UI utility system P3’s $999 million in net proceeds remain in ‘short-term instruments’ as COVID-19 wreaks havoc on economy

UI President Bruce Harreld told the DI the funds from the 50-year public/private partnership to maintain and operate campus utilities remain in short-term instruments.

UI+President+Bruce+Harreld+answers+questions+during+an+interview+with+The+Daily+Iowan+in+the+Adler+Journalism+Building+on+Monday%2C+Dec.+9%2C+2019.+

Katina Zentz

UI President Bruce Harreld answers questions during an interview with The Daily Iowan in the Adler Journalism Building on Monday, Dec. 9, 2019.

Marissa Payne, Editor-in-Chief


The University of Iowa is keeping approximately $999 million in proceeds from its utility system public/private partnership in short-term instruments while the stock markets tumble and uncertainty looms over the nation’s economic outlook because of COVID-19.

The $1.165 billion 50-year deal with a private entity to maintain and operate UI utilities reached financial close March 10, just days before the Dow Jones industrial average fell almost 2,353 points, closing at 21,200.62. Days later, on March 16, the market saw its new largest one-day point loss in history, falling over 2,997 points to close at 20,188.52 points.

After paying utility system bond debt and consultant fees, which amounted to $166 million, the UI is using the net proceeds to invest in a new endowment and allocate to campus through grants in support of the strategic plan.

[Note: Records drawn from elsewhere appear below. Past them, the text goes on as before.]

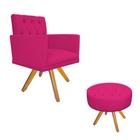 kit Poltrona e Puff Fernanda Base Giratória de Madeira Sala de Estar Suede Pink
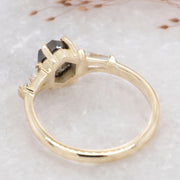 Noah James Jewellers Manchester In Stock Engagement Ring Frida Hexagon Salt and Pepper and Tapered Baguette Diamond  Ring Lab Grown Diamond Moissanite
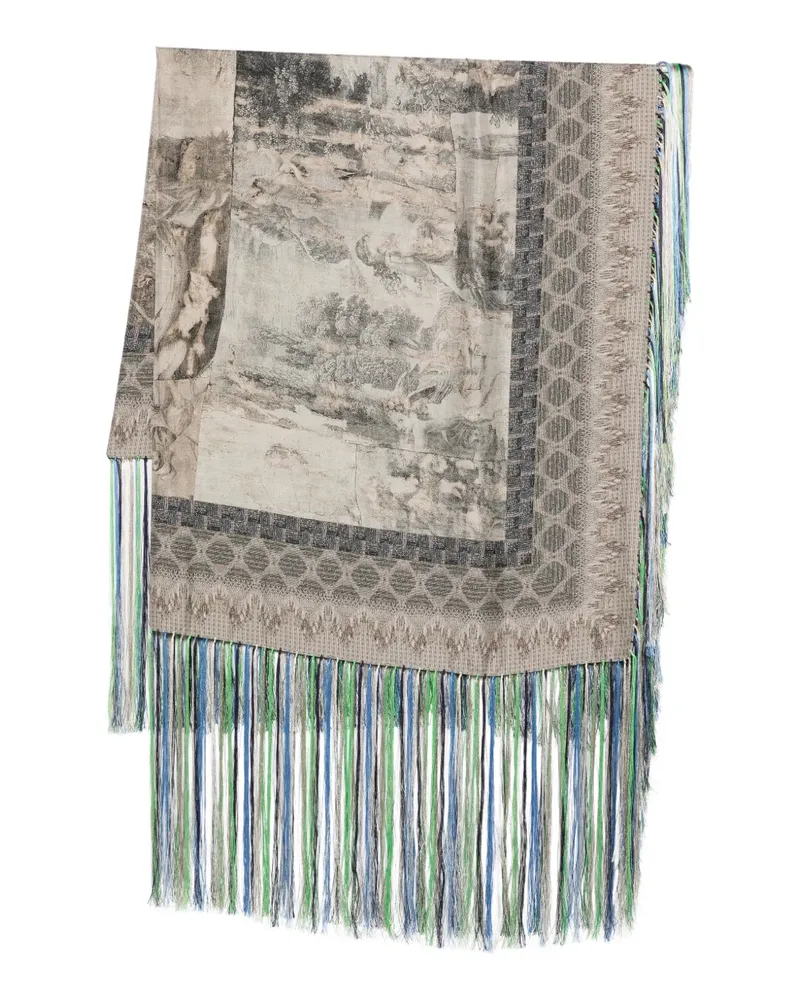 Pierre-Louis Mascia Aloeuw printed fringe-edge scarf - Grau Grau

“The market’s down substantially since then,” UI President Bruce Harreld told The Daily Iowan in a May 6 interview. “When you have that degree of money, you don’t put it immediately into any investments — you put in short-term instruments. The reason you put it in short term is just because they tend to hold up pretty well. So you don’t put it into an investment of stocks or other types of activities, and so we’re pretty liquid.”

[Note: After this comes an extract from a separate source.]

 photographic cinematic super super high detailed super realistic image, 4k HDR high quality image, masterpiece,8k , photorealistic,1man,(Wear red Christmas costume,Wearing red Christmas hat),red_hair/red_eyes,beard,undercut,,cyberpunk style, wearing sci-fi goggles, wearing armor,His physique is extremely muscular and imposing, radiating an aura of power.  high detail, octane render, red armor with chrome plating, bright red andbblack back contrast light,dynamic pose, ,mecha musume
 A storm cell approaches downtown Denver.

UI media-relations Director Anne Bassett said in an email that 30 percent of the net proceeds are in fixed income accounts, and the other 70 percent of the net proceeds are invested primarily in money market accounts, which she said are not subject to the volatility of the investment markets.

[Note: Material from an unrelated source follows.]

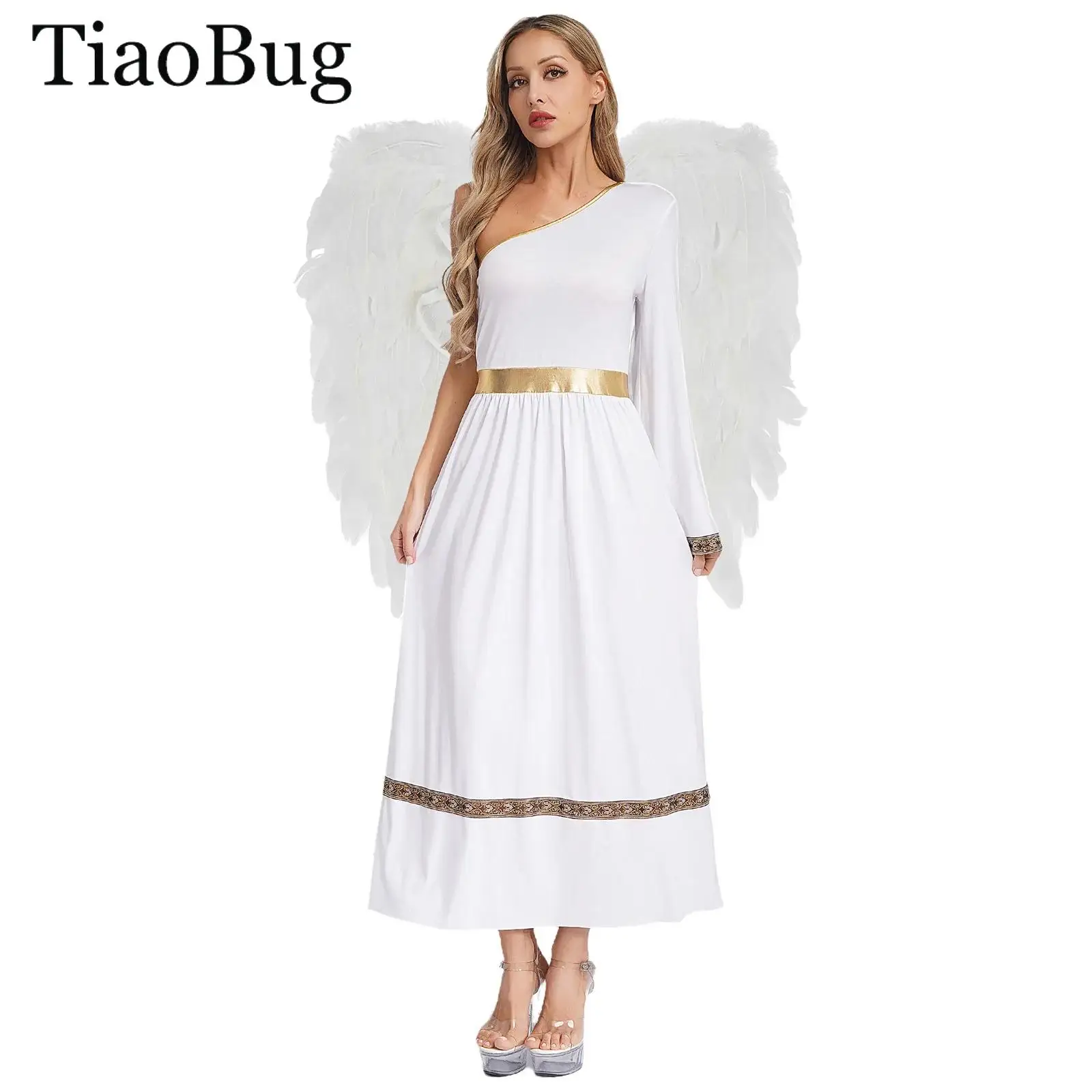 

Women Ancient Greek Toga Dress One Long Sleeve One Shoulder Roman Tunic Dress And Angel Wing Set Halloween Greece Queen Cosplay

“Over the next year, the Strategic Initiatives Fund is using a thoughtful and measured approach by allocating capital slowly and systematically from the money market fund into a diverse basket of asset classes,” Bassett said.

Currently, the UI plans to invest around $15 million annually beginning fiscal 2022, the budget year beginning July 1, 2021, from the partnership proceeds. Bassett said this plan for allocating the funds “will be adjusted as needed based on market conditions.”

Harreld said the short-term instruments don’t generate as much money as the UI anticipated, though university officials already modeled conservative rates of return in drafting the deal.

“Most of the portfolios of endowments across the United States have actually taken a 10 percent haircut. We haven’t had that,” he said. “So we’re fortunate to have a lot of cash. You could argue that if we’re smart investors, we should be able to buy it at a low and make some positive returns over the next year.”

In an interview with CBS published Sunday, Federal Reserve Chairman Jerome Powell said economic recovery may stretch through the end of 2021.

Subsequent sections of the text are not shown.